**EXERCISE REQUIREMENTS:**
Where the line containing "Cancelarul federal german" appears, start copying; continue through the last line below and copy nothing else.
^^^^^^^^^^^^^^^^
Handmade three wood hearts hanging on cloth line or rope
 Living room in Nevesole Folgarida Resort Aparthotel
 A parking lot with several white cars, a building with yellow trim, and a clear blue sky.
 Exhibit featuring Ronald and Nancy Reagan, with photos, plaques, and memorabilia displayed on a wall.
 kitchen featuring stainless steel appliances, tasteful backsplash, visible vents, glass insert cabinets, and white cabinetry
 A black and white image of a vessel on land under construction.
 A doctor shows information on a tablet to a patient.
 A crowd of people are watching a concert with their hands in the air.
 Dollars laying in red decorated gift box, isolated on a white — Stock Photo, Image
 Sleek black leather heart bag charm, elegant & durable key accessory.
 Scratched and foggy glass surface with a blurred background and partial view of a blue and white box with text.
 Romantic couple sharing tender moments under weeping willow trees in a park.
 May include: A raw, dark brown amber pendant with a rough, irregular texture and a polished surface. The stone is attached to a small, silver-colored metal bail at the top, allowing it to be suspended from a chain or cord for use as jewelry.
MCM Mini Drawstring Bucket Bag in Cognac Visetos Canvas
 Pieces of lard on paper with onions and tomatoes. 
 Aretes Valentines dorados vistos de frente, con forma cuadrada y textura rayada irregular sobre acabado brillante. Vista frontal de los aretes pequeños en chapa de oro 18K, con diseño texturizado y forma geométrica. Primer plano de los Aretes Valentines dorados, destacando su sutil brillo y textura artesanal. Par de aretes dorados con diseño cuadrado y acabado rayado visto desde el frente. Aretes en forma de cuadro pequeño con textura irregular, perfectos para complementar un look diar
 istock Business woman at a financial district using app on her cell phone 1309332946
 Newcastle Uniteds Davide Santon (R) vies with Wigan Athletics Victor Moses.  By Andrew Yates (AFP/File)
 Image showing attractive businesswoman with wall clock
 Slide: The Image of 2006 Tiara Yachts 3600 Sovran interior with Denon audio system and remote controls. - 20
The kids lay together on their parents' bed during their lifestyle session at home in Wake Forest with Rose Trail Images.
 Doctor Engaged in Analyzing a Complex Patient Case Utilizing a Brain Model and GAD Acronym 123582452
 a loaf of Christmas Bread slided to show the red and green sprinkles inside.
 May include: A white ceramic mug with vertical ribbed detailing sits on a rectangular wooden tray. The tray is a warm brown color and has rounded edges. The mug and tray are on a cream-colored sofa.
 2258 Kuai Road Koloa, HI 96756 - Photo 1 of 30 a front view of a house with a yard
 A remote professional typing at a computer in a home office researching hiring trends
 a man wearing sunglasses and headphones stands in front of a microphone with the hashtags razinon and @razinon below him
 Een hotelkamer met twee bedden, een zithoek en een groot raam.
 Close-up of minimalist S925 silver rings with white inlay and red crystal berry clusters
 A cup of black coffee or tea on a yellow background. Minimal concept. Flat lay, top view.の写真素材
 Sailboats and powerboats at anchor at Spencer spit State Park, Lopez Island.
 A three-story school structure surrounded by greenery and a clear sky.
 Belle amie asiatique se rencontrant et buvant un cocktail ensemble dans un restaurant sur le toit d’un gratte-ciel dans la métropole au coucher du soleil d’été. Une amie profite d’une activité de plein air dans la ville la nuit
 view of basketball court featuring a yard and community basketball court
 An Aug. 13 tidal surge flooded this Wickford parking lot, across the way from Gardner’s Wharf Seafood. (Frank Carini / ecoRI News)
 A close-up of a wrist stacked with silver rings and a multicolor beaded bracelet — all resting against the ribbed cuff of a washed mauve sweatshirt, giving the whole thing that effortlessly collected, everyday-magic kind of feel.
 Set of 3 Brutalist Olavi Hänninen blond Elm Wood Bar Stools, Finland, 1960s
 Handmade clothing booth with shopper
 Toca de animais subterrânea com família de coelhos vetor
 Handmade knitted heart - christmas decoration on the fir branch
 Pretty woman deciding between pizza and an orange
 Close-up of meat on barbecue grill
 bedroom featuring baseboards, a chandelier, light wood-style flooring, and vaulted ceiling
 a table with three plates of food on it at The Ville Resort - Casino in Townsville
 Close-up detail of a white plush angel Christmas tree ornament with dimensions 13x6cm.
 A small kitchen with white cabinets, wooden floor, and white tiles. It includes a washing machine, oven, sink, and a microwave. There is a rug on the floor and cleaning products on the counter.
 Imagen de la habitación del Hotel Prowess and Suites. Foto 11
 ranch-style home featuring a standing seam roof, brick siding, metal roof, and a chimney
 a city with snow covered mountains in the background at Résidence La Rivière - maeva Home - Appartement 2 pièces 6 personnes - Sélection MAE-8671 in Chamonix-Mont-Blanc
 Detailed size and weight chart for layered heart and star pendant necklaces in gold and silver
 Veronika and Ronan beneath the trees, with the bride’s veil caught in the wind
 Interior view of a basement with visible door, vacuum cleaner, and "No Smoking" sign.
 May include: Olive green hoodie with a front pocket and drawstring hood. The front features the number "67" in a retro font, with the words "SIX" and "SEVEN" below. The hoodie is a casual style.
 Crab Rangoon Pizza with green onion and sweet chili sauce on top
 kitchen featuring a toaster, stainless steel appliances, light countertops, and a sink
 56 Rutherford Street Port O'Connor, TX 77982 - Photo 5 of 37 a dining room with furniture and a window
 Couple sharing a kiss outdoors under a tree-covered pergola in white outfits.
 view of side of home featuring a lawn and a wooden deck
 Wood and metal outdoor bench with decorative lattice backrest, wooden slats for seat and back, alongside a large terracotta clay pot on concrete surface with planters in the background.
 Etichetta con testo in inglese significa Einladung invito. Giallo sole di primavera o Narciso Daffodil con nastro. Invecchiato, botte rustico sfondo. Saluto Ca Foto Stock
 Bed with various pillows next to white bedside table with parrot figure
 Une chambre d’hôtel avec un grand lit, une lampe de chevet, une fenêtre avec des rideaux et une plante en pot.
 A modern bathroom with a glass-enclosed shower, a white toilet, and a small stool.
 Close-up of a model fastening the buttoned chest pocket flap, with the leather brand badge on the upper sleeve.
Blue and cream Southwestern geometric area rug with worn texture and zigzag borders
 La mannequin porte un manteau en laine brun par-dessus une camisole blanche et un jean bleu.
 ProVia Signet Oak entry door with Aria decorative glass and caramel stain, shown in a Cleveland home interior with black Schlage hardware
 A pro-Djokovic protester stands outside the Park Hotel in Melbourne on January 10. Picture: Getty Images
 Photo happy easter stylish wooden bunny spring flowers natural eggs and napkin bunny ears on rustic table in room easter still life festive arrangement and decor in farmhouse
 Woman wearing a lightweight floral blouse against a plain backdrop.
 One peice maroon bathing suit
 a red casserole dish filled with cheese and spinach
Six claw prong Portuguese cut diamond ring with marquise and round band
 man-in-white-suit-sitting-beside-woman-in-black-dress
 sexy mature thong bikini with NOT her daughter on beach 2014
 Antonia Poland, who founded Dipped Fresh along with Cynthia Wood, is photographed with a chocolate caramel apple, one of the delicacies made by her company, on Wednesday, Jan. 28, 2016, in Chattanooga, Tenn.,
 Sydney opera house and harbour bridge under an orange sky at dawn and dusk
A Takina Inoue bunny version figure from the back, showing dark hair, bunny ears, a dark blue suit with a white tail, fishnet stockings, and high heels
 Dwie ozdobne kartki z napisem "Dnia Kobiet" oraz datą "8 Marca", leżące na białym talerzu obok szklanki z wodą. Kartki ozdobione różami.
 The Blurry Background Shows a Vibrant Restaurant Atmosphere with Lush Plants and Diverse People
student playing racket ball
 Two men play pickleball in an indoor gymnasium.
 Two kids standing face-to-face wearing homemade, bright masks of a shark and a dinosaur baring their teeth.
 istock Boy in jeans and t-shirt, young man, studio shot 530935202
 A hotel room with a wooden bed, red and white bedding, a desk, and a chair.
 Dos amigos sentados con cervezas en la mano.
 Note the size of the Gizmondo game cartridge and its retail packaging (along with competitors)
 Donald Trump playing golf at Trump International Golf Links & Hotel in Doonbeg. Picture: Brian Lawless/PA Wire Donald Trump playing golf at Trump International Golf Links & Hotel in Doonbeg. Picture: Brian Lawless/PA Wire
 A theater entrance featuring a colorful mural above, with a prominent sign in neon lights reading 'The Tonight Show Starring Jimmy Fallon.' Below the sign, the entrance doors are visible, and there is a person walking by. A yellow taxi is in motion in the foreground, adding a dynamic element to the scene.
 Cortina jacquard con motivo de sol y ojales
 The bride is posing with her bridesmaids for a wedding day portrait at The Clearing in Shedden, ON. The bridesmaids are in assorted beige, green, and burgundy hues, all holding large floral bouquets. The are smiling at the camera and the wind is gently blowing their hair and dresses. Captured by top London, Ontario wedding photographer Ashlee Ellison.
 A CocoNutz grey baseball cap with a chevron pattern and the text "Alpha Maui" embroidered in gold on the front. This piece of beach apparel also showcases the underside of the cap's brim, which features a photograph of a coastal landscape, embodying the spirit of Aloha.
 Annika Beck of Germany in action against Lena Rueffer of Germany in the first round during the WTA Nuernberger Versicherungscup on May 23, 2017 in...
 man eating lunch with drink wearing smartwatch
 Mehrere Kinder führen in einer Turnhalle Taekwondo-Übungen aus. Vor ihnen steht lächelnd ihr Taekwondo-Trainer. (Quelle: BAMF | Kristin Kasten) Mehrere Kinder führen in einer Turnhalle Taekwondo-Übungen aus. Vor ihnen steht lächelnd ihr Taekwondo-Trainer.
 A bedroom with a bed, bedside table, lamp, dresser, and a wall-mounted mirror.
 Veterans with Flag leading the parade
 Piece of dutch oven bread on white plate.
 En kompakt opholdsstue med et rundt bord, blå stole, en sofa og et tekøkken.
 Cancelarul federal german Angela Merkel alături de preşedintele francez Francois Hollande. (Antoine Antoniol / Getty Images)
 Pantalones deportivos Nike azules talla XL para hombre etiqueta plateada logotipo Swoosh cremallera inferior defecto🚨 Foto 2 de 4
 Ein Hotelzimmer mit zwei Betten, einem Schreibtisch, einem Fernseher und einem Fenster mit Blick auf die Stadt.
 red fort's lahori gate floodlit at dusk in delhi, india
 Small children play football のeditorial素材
^^^^^^^^^^^^^^^^
**ANSWER TO THIS TASK:**
 Cancelarul federal german Angela Merkel alături de preşedintele francez Francois Hollande. (Antoine Antoniol / Getty Images)
 Pantalones deportivos Nike azules talla XL para hombre etiqueta plateada logotipo Swoosh cremallera inferior defecto🚨 Foto 2 de 4
 Ein Hotelzimmer mit zwei Betten, einem Schreibtisch, einem Fernseher und einem Fenster mit Blick auf die Stadt.
 red fort's lahori gate floodlit at dusk in delhi, india
 Small children play football のeditorial素材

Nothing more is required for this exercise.